「いつかこの日が来る、と予想していました。恐らく、沖田刑事の所へ、私の息子から通報があったので、私をここへ呼んだのだと思います。私は、やがてこの警察を去って行く者として罪を負うつもりです。また、父親として子どもを教育できなかった責任を取るつもりです。私は、若山洋子殺しの犯人として鉄格子の中に入るのは、いっこうにかまいません。
しかし、沖田刑事、どうか男の頼みをひとつ聞いて欲しいんです。マスコミでは、私が犯人であるかのように騒いでいるけれども、警察からは、マスコミの目や耳に、香村良平が犯人であるとは伝えないで下さい。それがまた、警察のためにもなるのです……」
「それはまた、あんたらしくない。勝手な言い分だと思うが……」
「沖田刑事、刑事には確かにご迷惑をおかけします。また、これまで迷惑をかけて来ました。でも、どうか、私の逮捕は来年の桜の花が咲く時、つまり4月まで待って欲しいんです。お願いです。それから、沖田刑事から、できるだけ早く、私の息子に言って欲しいんです。『事件について調べたところ、稔君が通報してくれた通り、君の父、香村良平が犯行を認めた』、と伝えて欲しいんです。
そして、頼むから、私を来年の4月まで沖田刑事の監視の下で結構ですから、今までみたいに自由にさせて下さい。お願いです」
「……香村さん、あんたは、来年の4月と言うが、なぜ?」
「はい。4月までに何とかしたい、と思っているのです。私は、稔の教育には失敗しました。それを痛いほど感じています。私は今、最後のチャンスとして、稔に生きる喜び、厳しさ、苦しみに耐える心を植えつけてやりたいんです。本当の意味で、私は息子に父としての厳しさ、愛などを与えてやることができませんでした。自分のことばかりに夢中になっていたので、子どもが私に話しかけて来ても、耳を貸すこともできませんでした。

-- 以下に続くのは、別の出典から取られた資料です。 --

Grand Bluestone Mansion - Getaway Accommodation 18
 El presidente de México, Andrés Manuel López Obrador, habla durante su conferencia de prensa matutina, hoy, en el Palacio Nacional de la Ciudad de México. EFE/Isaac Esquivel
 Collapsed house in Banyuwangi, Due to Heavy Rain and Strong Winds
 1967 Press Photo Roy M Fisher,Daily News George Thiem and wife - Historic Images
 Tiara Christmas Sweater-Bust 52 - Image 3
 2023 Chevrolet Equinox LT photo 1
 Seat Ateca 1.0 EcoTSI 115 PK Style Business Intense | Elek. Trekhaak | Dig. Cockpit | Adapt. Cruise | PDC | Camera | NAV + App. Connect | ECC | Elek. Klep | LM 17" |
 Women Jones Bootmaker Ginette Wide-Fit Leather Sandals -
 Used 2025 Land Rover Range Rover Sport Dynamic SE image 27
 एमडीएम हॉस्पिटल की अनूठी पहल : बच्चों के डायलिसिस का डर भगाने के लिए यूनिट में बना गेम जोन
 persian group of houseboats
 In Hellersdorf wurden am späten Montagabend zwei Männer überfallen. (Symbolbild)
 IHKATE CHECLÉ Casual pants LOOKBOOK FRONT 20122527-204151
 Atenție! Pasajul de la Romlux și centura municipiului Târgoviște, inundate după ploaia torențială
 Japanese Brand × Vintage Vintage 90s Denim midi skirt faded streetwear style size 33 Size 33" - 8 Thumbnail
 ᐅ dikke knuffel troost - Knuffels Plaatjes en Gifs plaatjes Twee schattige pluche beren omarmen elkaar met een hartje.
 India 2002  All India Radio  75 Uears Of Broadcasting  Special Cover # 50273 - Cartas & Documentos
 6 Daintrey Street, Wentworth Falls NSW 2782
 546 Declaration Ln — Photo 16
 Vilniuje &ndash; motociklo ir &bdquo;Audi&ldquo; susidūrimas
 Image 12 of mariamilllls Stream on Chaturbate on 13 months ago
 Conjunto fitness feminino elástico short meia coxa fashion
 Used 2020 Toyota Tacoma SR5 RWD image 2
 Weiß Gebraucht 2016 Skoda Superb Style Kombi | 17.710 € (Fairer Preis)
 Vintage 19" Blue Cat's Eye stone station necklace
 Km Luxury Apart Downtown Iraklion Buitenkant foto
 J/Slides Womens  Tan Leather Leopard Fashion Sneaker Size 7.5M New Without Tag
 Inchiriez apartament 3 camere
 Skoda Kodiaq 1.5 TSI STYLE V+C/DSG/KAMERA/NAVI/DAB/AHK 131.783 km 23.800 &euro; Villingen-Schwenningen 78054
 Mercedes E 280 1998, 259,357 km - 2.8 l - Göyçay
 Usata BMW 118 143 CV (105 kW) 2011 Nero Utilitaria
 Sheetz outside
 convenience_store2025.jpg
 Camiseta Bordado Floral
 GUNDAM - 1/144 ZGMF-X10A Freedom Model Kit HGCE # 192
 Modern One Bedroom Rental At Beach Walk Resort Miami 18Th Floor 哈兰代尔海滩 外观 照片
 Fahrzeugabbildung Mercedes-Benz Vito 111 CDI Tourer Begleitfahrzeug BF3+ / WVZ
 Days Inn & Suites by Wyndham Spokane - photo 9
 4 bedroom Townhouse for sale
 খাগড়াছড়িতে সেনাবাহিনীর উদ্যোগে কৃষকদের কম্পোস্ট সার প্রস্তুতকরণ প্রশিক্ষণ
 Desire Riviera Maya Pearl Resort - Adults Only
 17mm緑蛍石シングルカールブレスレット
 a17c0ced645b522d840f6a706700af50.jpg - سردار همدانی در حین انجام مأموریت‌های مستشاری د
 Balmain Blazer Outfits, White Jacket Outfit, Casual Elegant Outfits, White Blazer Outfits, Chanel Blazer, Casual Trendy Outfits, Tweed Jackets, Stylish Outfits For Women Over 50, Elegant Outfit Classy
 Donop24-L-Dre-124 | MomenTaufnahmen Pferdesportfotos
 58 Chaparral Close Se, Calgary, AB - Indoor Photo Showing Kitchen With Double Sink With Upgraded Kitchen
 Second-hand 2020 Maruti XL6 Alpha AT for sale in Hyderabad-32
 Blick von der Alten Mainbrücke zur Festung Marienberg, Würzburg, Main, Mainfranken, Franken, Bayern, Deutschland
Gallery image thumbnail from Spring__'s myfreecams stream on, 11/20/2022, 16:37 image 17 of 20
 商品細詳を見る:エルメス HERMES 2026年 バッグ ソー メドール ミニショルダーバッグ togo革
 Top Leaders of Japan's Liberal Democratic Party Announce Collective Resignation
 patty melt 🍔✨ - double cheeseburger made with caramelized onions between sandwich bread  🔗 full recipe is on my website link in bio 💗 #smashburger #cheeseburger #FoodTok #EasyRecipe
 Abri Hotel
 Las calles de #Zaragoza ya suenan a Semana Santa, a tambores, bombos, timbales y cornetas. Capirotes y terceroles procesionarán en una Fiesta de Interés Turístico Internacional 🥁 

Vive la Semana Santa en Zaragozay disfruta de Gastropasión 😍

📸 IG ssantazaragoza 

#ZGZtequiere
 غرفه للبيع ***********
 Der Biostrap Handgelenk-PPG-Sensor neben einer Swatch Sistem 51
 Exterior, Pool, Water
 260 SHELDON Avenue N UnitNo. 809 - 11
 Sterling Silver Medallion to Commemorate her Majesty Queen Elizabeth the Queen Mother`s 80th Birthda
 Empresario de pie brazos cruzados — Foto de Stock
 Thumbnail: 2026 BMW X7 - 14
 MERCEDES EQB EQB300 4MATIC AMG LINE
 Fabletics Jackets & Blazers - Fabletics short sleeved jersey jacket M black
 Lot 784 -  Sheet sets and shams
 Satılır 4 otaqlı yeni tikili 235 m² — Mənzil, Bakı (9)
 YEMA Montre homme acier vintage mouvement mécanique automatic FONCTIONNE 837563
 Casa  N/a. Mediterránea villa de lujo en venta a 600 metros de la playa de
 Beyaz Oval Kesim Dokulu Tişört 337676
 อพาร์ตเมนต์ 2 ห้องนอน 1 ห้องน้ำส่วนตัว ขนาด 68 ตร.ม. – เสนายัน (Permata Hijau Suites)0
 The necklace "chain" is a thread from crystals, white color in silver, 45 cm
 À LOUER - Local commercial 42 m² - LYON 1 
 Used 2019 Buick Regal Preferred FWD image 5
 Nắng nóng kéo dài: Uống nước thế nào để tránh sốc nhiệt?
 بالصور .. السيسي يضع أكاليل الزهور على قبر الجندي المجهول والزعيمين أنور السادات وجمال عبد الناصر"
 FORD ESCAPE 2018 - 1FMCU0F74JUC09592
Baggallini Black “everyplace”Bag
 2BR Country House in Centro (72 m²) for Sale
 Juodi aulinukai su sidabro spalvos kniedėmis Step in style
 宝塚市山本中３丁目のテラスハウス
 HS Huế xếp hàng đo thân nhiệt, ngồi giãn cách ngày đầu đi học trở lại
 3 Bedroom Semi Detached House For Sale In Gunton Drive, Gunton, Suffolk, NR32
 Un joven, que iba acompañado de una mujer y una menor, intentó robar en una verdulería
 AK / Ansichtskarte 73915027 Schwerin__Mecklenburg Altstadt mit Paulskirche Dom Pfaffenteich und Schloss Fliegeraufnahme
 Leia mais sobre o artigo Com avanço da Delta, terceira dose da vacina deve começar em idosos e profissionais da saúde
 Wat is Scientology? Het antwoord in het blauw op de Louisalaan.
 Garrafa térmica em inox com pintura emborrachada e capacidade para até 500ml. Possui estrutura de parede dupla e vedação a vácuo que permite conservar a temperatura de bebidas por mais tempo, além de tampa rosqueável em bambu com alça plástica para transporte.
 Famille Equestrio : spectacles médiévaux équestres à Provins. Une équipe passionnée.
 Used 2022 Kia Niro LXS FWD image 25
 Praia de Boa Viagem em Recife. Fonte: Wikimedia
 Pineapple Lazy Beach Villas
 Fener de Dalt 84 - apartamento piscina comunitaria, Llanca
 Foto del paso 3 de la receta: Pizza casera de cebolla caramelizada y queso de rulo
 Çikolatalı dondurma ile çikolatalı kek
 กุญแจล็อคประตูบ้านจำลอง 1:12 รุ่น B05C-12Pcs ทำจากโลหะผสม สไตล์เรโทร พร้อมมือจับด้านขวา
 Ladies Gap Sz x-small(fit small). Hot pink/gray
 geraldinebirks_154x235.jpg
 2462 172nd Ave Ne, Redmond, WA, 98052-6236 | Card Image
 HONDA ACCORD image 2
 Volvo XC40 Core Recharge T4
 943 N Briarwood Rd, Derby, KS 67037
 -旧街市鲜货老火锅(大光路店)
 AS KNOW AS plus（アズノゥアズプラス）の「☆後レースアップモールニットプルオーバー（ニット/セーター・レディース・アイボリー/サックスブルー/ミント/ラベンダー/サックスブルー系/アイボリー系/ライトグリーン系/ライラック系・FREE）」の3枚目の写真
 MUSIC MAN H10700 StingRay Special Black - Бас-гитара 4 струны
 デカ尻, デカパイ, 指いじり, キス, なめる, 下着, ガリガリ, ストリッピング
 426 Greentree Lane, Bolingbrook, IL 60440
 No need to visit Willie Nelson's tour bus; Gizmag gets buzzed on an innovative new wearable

息子の体はぐんぐんと大きくなりました。それとともに、息子は少しずつ不良になって行きました。日頃から会話のない親子だったので、注意することにも親としては恥ずかしいですが恐怖を覚えました。だから、世間を騒がせた『魔のヨット・スクール』へでも放り込もうとすら考えたのです。愛情なんてどうでもよかったのです。ヨット・スクールで息子なんて死んだほうが良い、と思ったほどです。親と子の血なんて切れても良いとも思ったくらいです。